### Source material
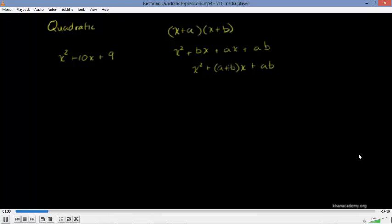So in general, if we assume that this is the product of two binomials, we see that the middle coefficient — the first degree coefficient on the x term — is going to be the sum of our a and b. And then the constant term is going to be the product of our a and b.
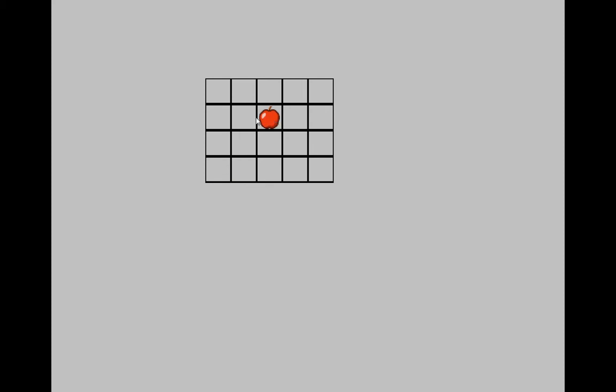So as I drag it, you notice that it will automatically snap into one of the boxes, and it does this perfectly each time. So here's how I did it.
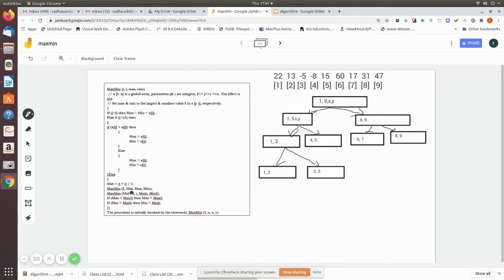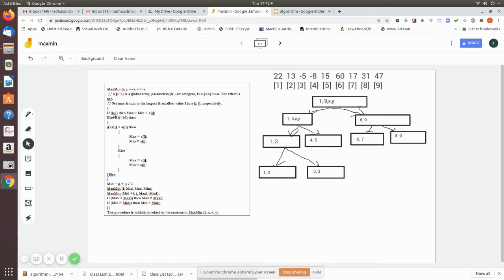Now it calls again recursively. For Maximin(1, 5): i is not equal to j, and i is not equal to j-1 since j-1=4 and i=1. So the else branch executes again: mid = (1+5)/2 = 3. This produces calls Maximin(1, 3) and Maximin(4, 5). For Maximin(1, 3): again not base cases, so mid = (1+3)/2 = 2, yielding calls Maximin(1, 2) and Maximin(3, 3).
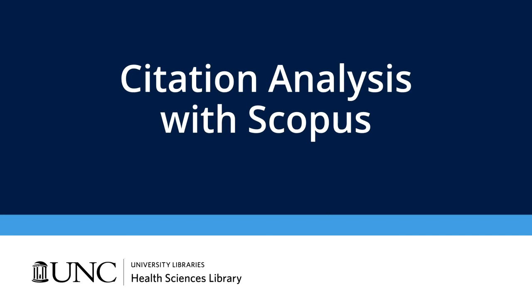Welcome, I'm Carrie, a health sciences librarian at the University of North Carolina, Chapel Hill. This video will demonstrate how to complete a citation analysis using Scopus.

### Task details
Give back the full data exactly as it reads, but drop the pictures.

### Exercise solution
So in general, if we assume that this is the product of two binomials, we see that the middle coefficient — the first degree coefficient on the x term — is going to be the sum of our a and b. And then the constant term is going to be the product of our a and b.
So as I drag it, you notice that it will automatically snap into one of the boxes, and it does this perfectly each time. So here's how I did it.
Now it calls again recursively. For Maximin(1, 5): i is not equal to j, and i is not equal to j-1 since j-1=4 and i=1. So the else branch executes again: mid = (1+5)/2 = 3. This produces calls Maximin(1, 3) and Maximin(4, 5). For Maximin(1, 3): again not base cases, so mid = (1+3)/2 = 2, yielding calls Maximin(1, 2) and Maximin(3, 3).
Welcome, I'm Carrie, a health sciences librarian at the University of North Carolina, Chapel Hill. This video will demonstrate how to complete a citation analysis using Scopus.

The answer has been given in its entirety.